ASM, which on Tuesday posted sharply higher full-year profit, said new orders in the first two months of this year remained healthy, shaking off investor concerns that its surprisingly good fourth quarter sales might not be sustainable.
"So far, we see the first quarter is likely to finish higher (in terms of backlog orders) than the December quarter," Managing Director Patrick Lam told a news briefing on the firm's results.
He did not provide figures on the number of new orders.
ASM, which is 54 percent owned by Dutch semiconductor equipment maker ASM International, said on Tuesday its net profit for the year ended December leapt 88 percent to HK $535.87 million from a year earlier, thanks to strong fourth-quarter orders.
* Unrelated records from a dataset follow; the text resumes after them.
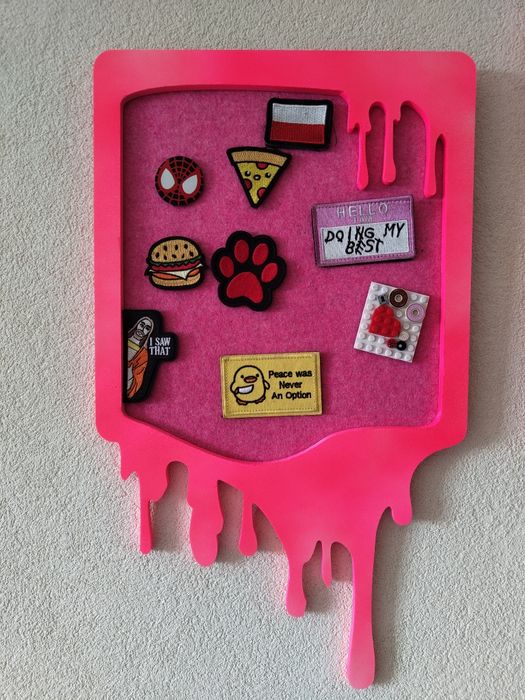 Ręcznie robiona tablica na PINY i RZEPY – Drip Pink – Handmade!
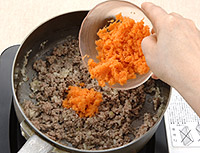 パセリたっぷりのドライカレー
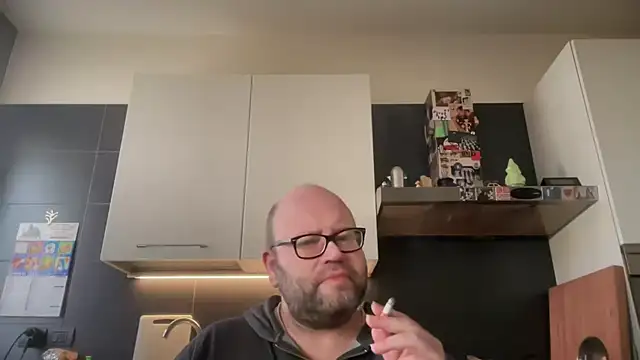 theitalianbear online show from January 10, 2026, 9:11 am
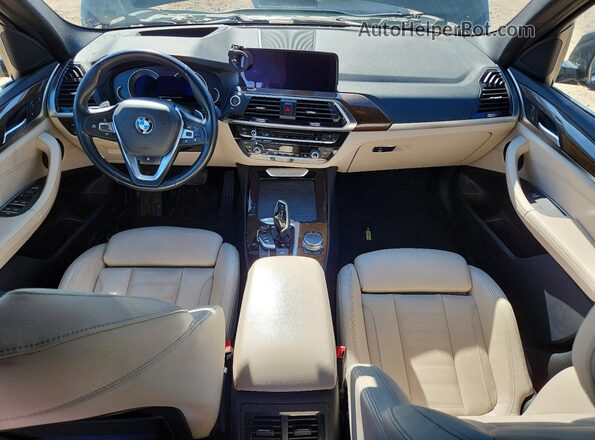 5UXTR9C58JLC73722 2018 BMW X3 Синий Вид панели приборов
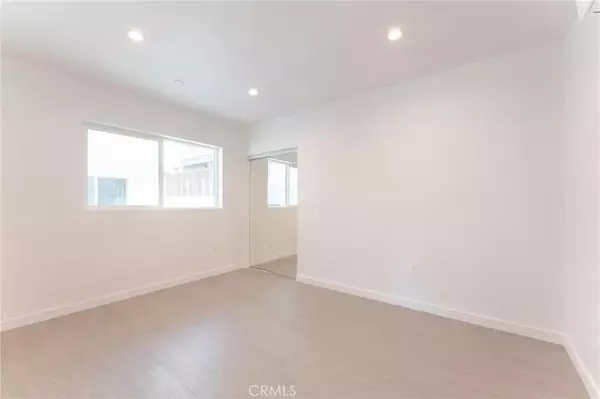 Lake Balboa, CA 91406,6843 N Haskell Ave #2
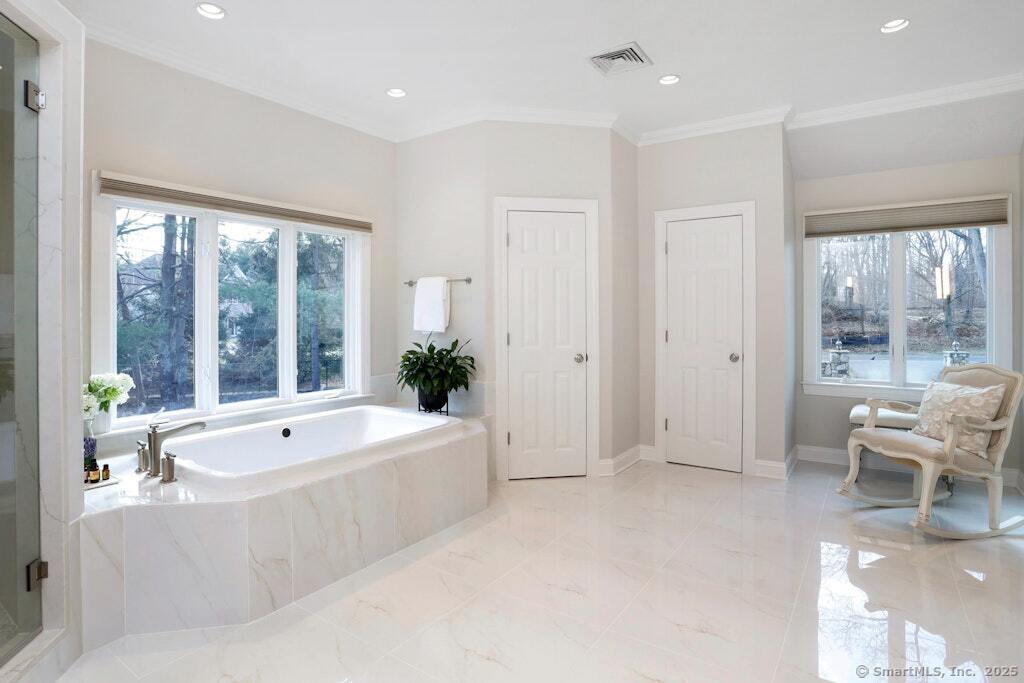 81 Silver Hill, Ridgefield, Connecticut 06877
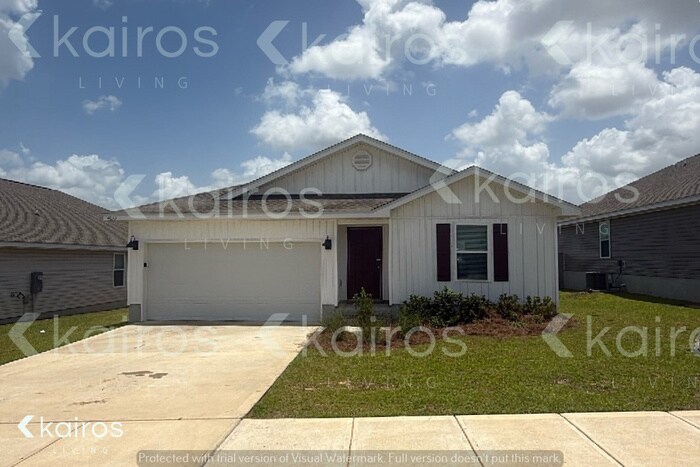 4655 Malay Cir in Milton, FL - Building Photo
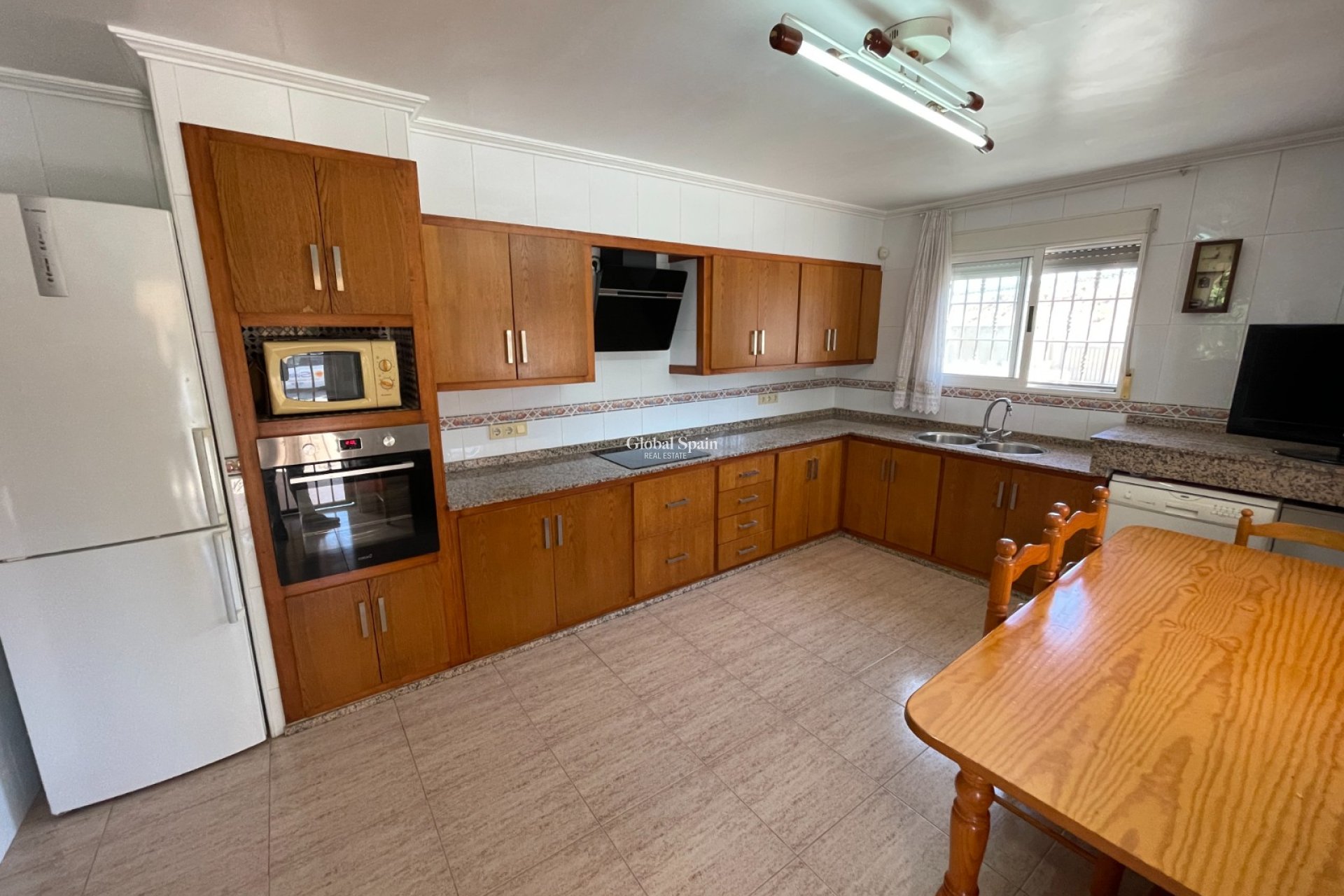 Wederverkoop - VILLA -
CREVILLENTE - Inland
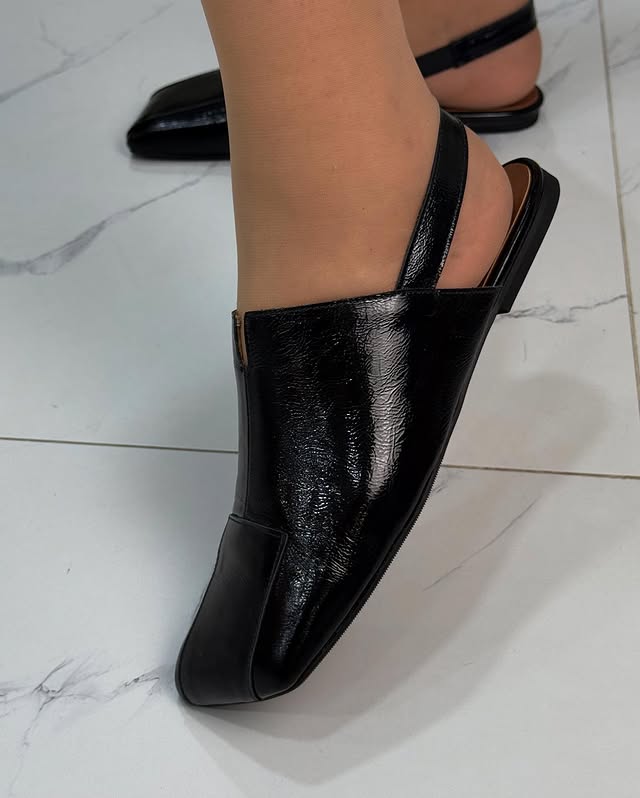 Stylish patent leather square toe back strap flat slippers
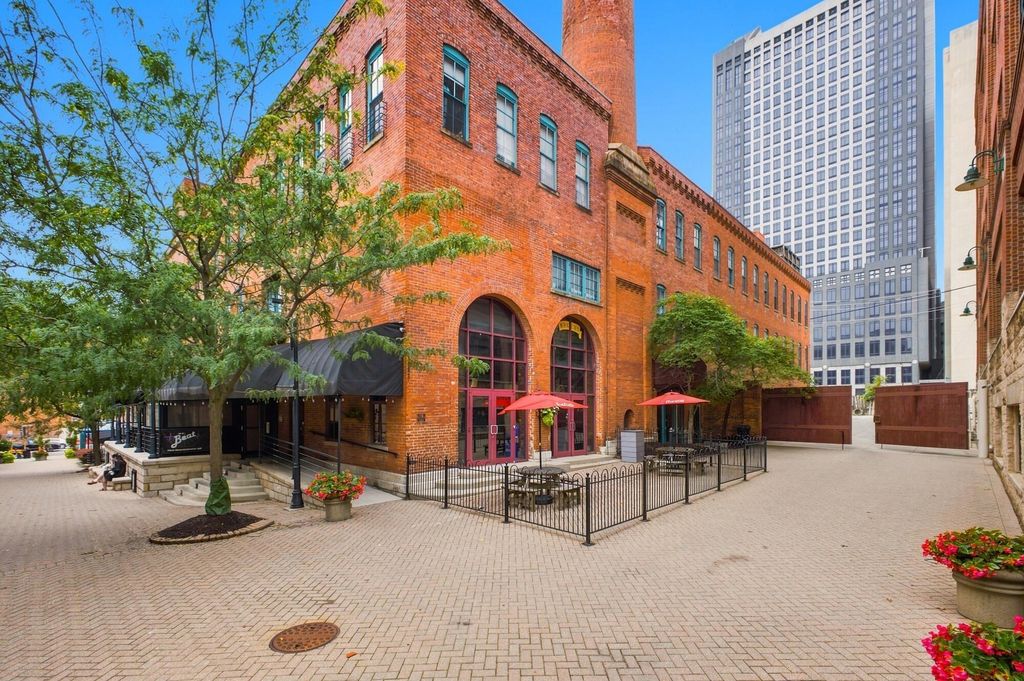 55 W Livingston Avenue, 203, Columbus, OH 43215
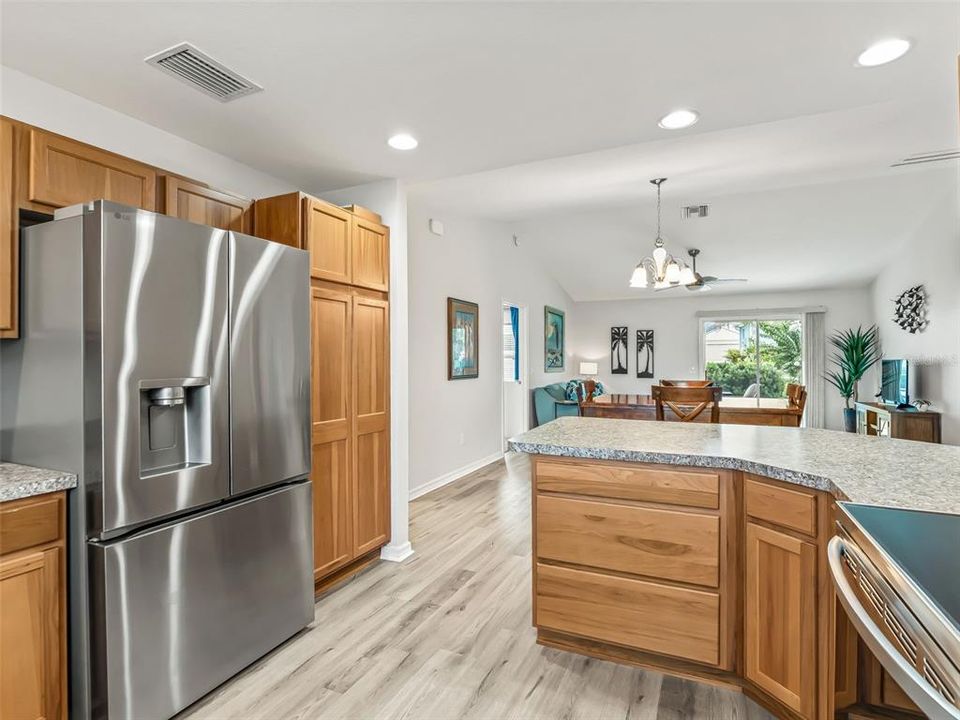 For Sale: $345,900 (3 beds, 2 baths, 1366 Square Feet)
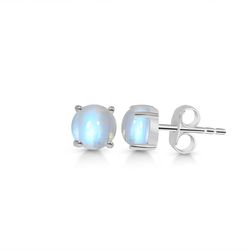 Earring – Moonstone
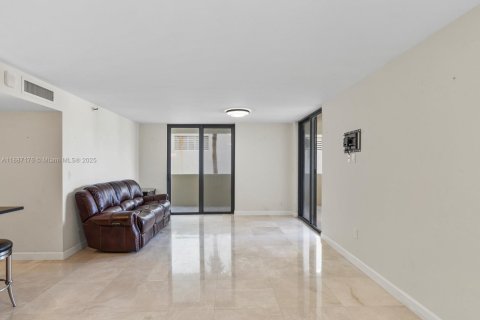 Condo in Miami Beach, Florida, 2 bedrooms  № 1932859 - photo 11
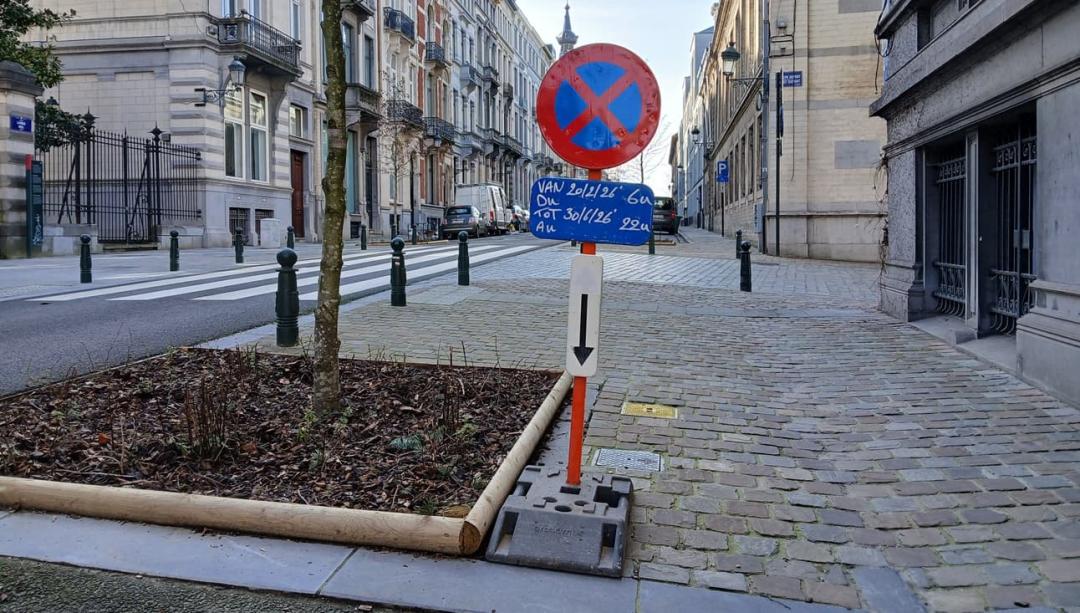 Rental of no parking signs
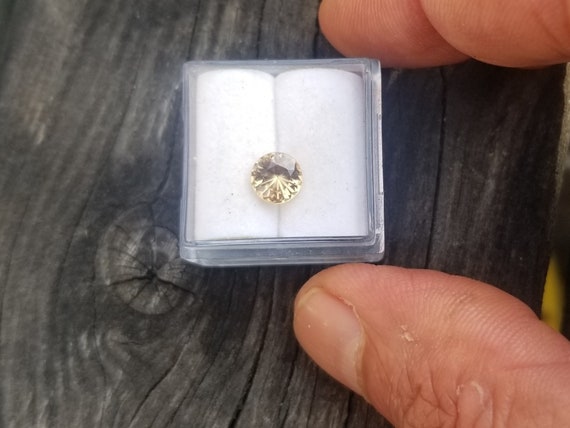 One of a Kind Round Sapphire for Engagement Ring or Gemstone Collector, September Birthstone for Women Jewelry, Free Shipping to USA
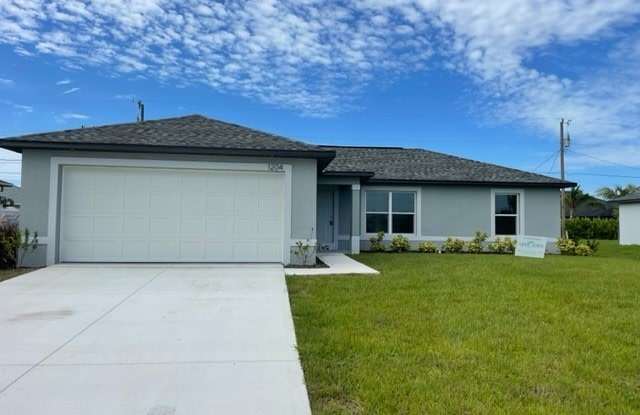 1204 SW 1st Terrace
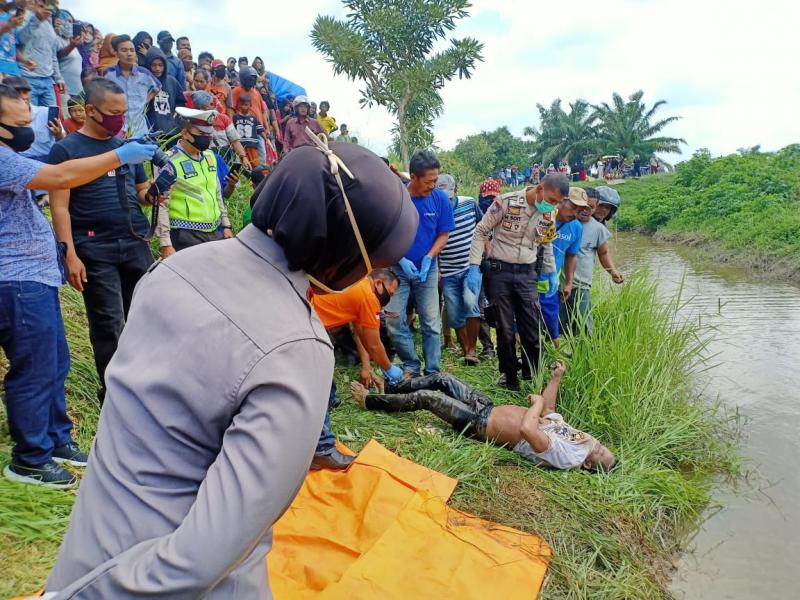 Mayat Pria Yang Ditemukan Dalam Parit Jalan Nelayan Diduga Korban Lakalantas
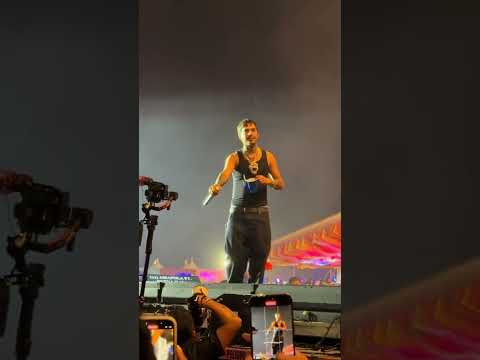 Natanael Cano explota contra DJ del Bajafest #natanaelcano #bajafest #pelea #concierto #natakong #ji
ASM's order backlog grew 240 percent to US $119 million at the end of 2003 from a year earlier and helped it post a full-year profit that beat the consensus forecast by almost HK $90 million.
The surge in profits was ignored by investors, however, as the firm's shares fell 4.53 percent to HK $35.80 on Wednesday. The stock has lost 2.84 percent in the past month but gained almost 30 percent over the past three months.
Analysts at several major brokerages, including UBS and ING Financial Markets, said they would revise their earnings estimates on the firm in view of the strong results.
Citing industry estimates, CLSA said sales of assembly and packaging equipment sales are expected to rise 40 percent and 19 percent in 2004-05, respectively.
"With the increasing industry recognition of its quality equipment, ASM should continue to gain share to outperform the industry growth," CLSA analyst Kenny Lau said in a research note on Wednesday.
Cazenove, which has a 'hold' recommendation on ASM, said the stock could touch HK $38.90 while BOC International initiated coverage on the stock with an 'outperform' rating and a 12-month price target of HK $50.